Mi relación con los pasos de cebra es antigua e íntima. Recuerdo el primer chiste que entendí, siendo muy niño. Un amigo de mi abuelo, al ir yo a cruzar uno alegremente, me advirtió muy serio, con honda voz: "Bienaventurados los que creen en los pasos de cebra, porque pronto verán a Dios". Entendí -en una hierofanía- lo que era un chiste, y, ahora que lo pienso, uno muy apropiado a mis gustos: conectado a la vida ordinaria, encerrando una verdad, con una gota de humor negro y, encima, con un guiño teológico, que es donde está la gracia.

Más tarde, me sorprendió mucho la rigidez con la que los pasos de cebra se respetaban en Inglaterra. Allí podía uno creer en ellos, como en el cartero o en los trenes, sin tener que ver a Dios. Y simbolicé en los pasos de cebra la idiosincrasia diferente de los dos países, orgulloso, lo confieso, de nuestro carácter ácrata y nuestras recias raigambres religiosas. Para que nadie me acuse, sin embargo, de chovinista, reconoceré que en Sicilia descubrí una forma aún mejor de vivir los pasos de cebra. Los conductores se enfadan escandalosamente si el peatón espera al borde de la acera a que ellos paren. En Palermo les encanta que uno se lance a lo loco en medio del tráfico y ellos, sin frenar, moderando la velocidad y acelerando, rozándote y esquivándote, sonrientes, te dejan llegar al otro lado, misteriosamente ileso. No es operación laica, tampoco, porque, mientras se cruza, uno se encomienda a santa Rosalía y a la Virgen de las Lágrimas de Siracusa.

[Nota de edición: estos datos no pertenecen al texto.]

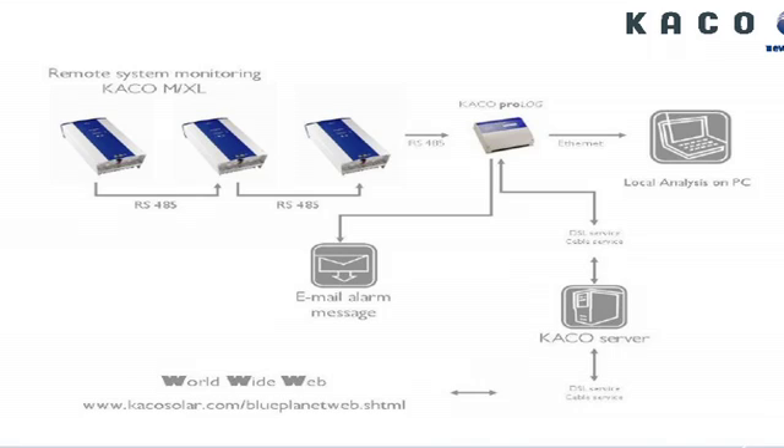This is the way you would set it up. You have an RS-485 setup, and the inverters are daisy-chained together — up to 32 — going into the Prologue. You can locally access the data as well as connecting it to our server. We will update the portal and you will be accessing it through the web, in this case through Sungevity's website.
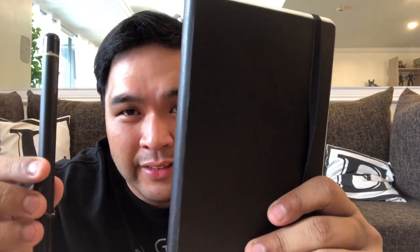That's why when I was walking around SM Aura just last week, I saw a Moleskine stand. I decided to buy a new notebook, but instead of buying the usual notebook, I bought the Moleskine smart writing set. So this is what it looks like.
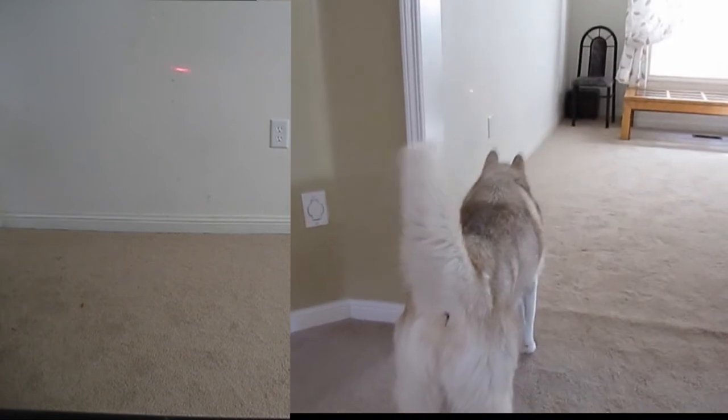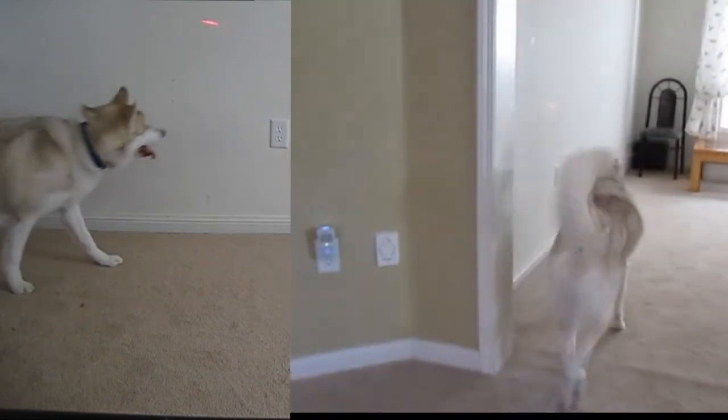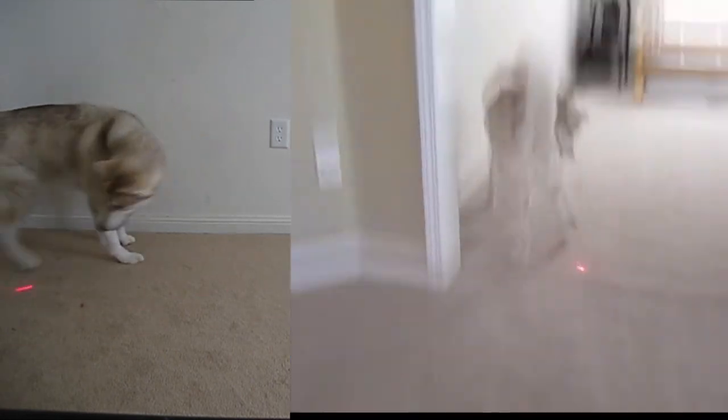Sometimes he won't jump, but if he's really hyper... he's not hyper right now. It's maybe one o'clock and he's usually not active at this time, but this is the only time I can make a proper video without a lot of noise in the background. Oh, he's about to jump!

Pero si traigo aquí los pasos de cebra es porque se han convertido en un signo de los tiempos que corren. El hecho de que cada vez se respeten más escrupulosamente no está mal. Lo malo es la actitud de los que cruzan por ellos. A menudo pasan con una actitud de suficiencia, con paso demorado ("Anda despacio / como una reina / por su palacio", son versos que recuerdo a menudo desde el volante) y sin una sonrisa ni el menor gesto de agradecimiento hacia el conductor que frenó a fondo para dejarles cruzar. O insultan con aspereza al conductor que no pudo parar o no les vio. Es su derecho, ciertamente, pero el ejercicio de un derecho no tiene por qué ser incompatible con la gratitud o la elegancia. Con cuánta hosquedad todo el mundo reclama lo suyo, mientras los deberes se desvanecen, sin dejar rastro. Nuevos ricos de derechos se ejercen sin la vieja elegancia de agradecerlos como detalles de cortesía. Esto tiene un peaje de felicidad, pues no es lo mismo ir por la vida mal encarado, reclamando lo nuestro, que ir sonriendo, agradecido por todo. Se envenenan las relaciones sociales poco a poco. Forzando un poco el chiste aquel y convirtiéndolo en un lamento, podría suspirarse: "Ay de los que han puesto su confianza en los pasos de cebra, pues basan su dignidad en el Código de Circulación".